# My Vita-Mix smells like a fish died in it



## dejohe (Mar 17, 2007)

Okay, I don't know why I smelled my Vita-mix this morning, but oh it was bad!! No, I don't put fish (or meat, for that matter) in it - I usually only use it to make smoothies. I then rinse it out and let it air dry. I am obviously NOT cleaning it good enough.

My problem now is that I CAN'T get the smell out. This is what I've tried:
-hot water
-baking soda
-vinegar
-dish detergent
-none of these worked, even after soaking so I broke down and poured CLR in it. didn't work.

Please help!! uke


----------



## sunnysandiegan (Mar 5, 2008)

I absolutely LOVE my Vitamix and now I want to go smell the containers! LOL I have the regular container and the "dry" container. I went and smelled them both along with the two-part lid. They smell like clean air, so I can vouch for our cleaning method.

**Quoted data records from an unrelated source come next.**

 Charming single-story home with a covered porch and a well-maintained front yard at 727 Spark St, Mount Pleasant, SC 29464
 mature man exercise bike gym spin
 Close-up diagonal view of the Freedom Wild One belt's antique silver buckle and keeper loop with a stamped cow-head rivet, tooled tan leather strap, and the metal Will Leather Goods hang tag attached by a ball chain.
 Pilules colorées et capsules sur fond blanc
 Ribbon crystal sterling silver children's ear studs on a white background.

After emptying contents, rinse with hot water and fill just a hair above the 5 cup mark. Add a drop or two of dishwashing liquid. After putting the lid back on, put container on Vitamix base and run for 30 seconds. This creates a nice sudsy cleaning whirlpool bath! Pour sudsy water out of the small hole (leave black lid in place) into the small lid. Rinse all parts in hot water and let air dry. BTW, the full rinsing/washing/rinsing process takes me about a minute and a half and I don't use a lot of water...just enough to swish and swirl around. I also use the freshly made hot sudsy water to wash something else in.

Anyway, be sure to store the container without the lid on. I store the containers on their sides, so that moisture can escape easily.

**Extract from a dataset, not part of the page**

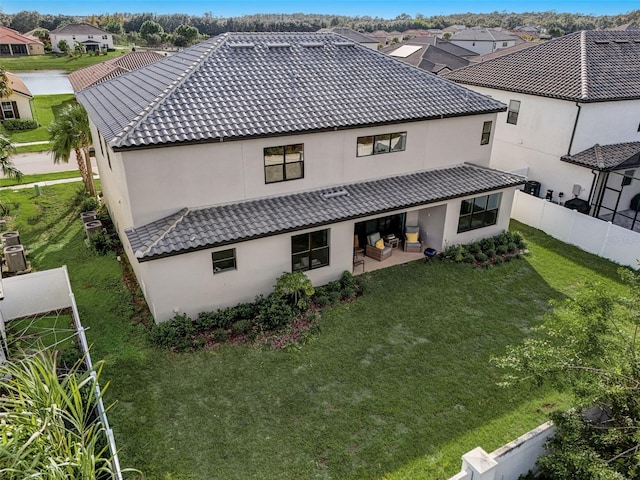 back of property featuring a patio area and a yard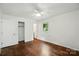 Bedroom with hardwood floors, closet, and window for natural light at 6558 Covecreek Dr, Charlotte, NC 28215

Now... to get rid of the disturbing smell... I would try the following methods one at a time until something worked:

~ Wash as I described above several times over the next few days (as you wash regular dishes, so you can use the wash water). In between washes, after it is fully dry, sprinkle with baking soda to absorb odors.

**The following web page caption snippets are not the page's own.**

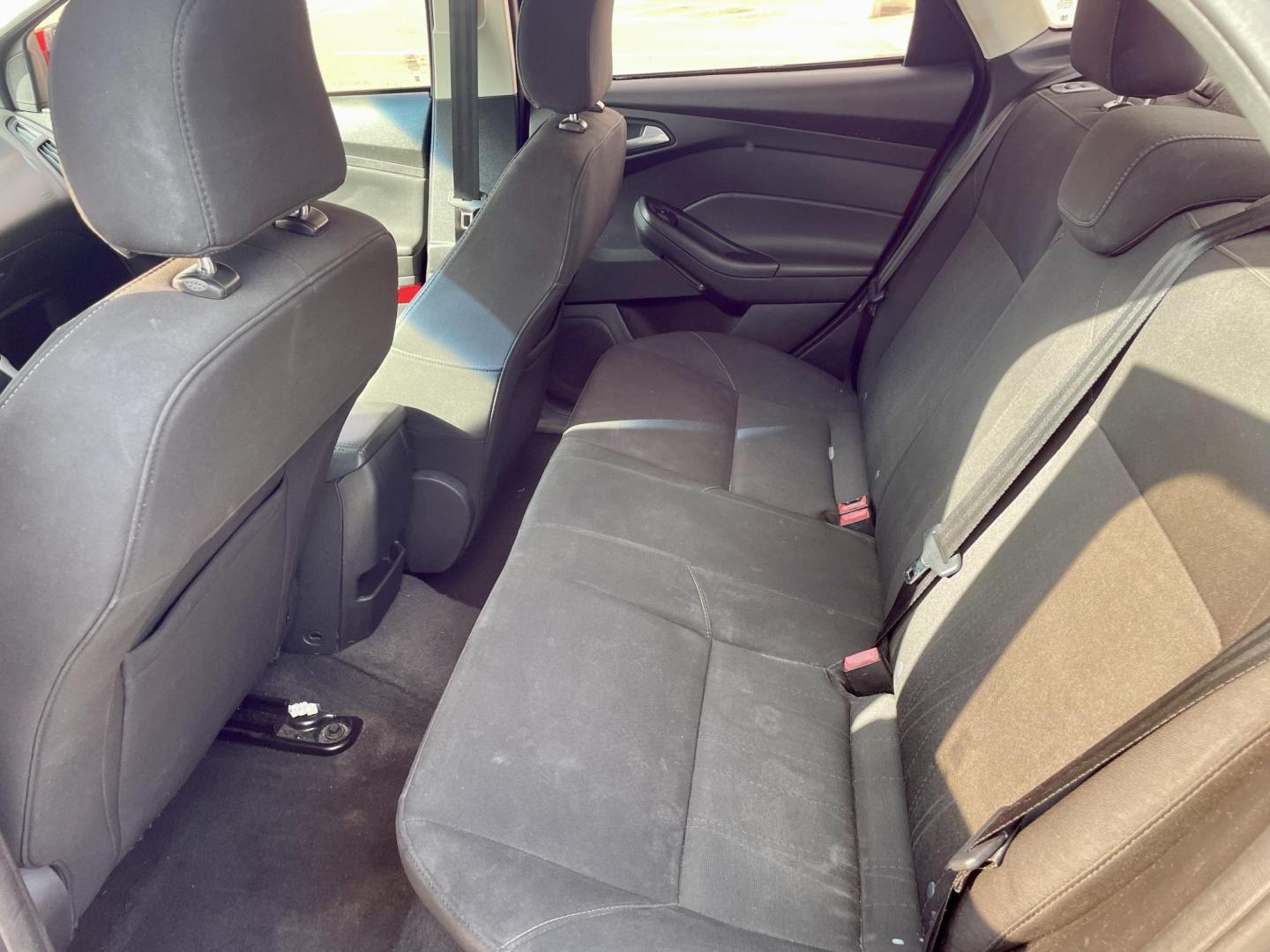 2017 Red Ford Focus SE Sedan (1FADP3F22HL) with an 2.0L L4 DOHC 16V engine, located at 5005 Telephone Rd., Houston, TX, 77087, (713) 641-0980, 29.690666, -95.298683 - Photo#4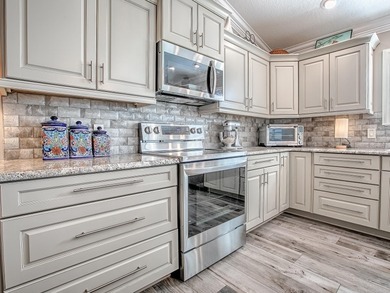 Beautifully Designed & Updated Anna Maria Courtyard Villa in the on Pennbrooke Fairways in Florida - for sale on GolfHomes.com, golf home, golf lot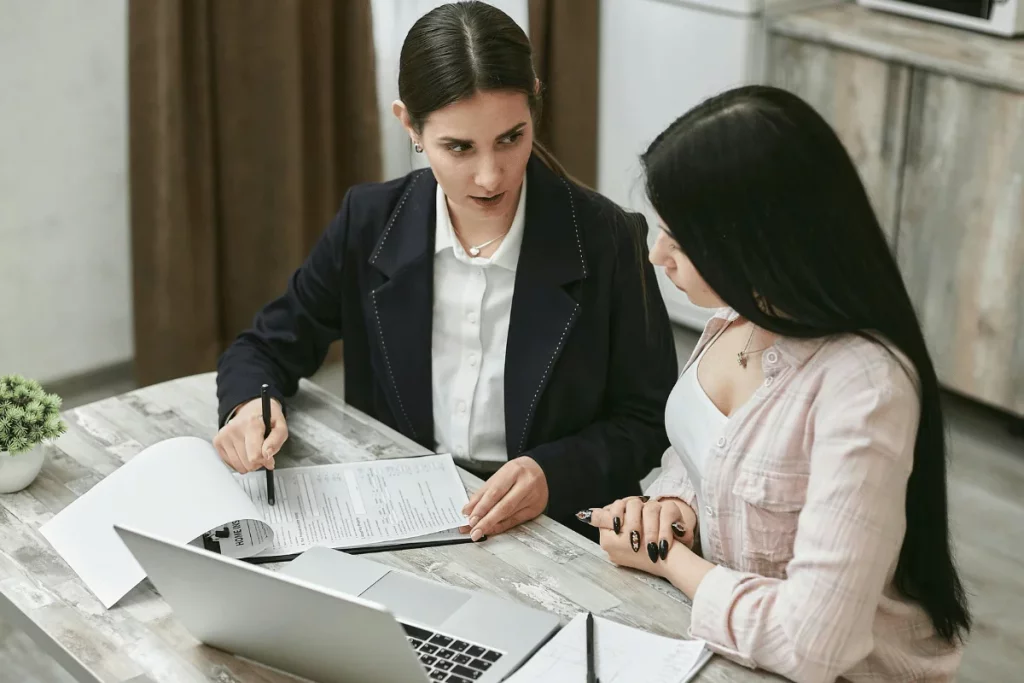 Two women discussing paperwork at a table with a laptop.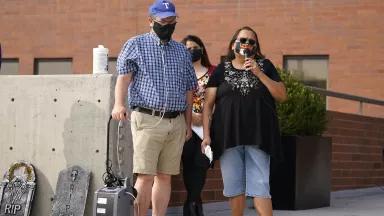 A man and woman wearing facemasks stand with a portable microphone and speaker in front of a brick building 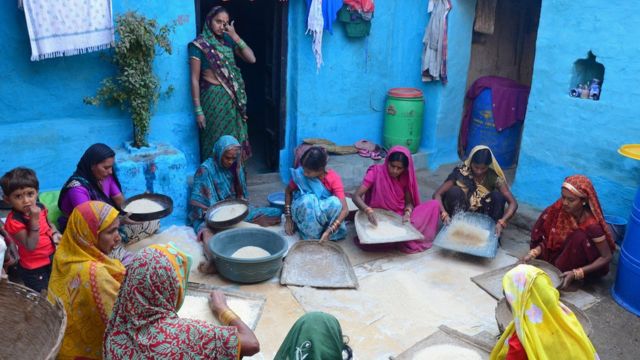 Mujeres preparan comida en el piso de un patio.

~ Grind up an orange in the Vitamix...whole orange (leave peel ON, but wash it first if it is not organic) cut into a few pieces (3-4) and let it sit there for a few hours. Then wash as I described above.

~ Something my MIL suggested to me when we first moved into our house and had the previous owners very strong spice odors lingering forever in one of our cabinets is to place a small dish of vanilla extract in there. IT WORKED! It took a long time, though. Adapt that idea, perhaps

I don't know what CLR is, but if it is a chemical of some kind I would consider that container an expensive lesson learned and destroy it and buy a new container. I would suggest making compost in it, but it really depends on what kind of cleaner it is.

Bottom line, though, is figuring out what caused the smell in the first place and eliminating that from the process.

Best wishes!


----------



## OhMel (Oct 16, 2002)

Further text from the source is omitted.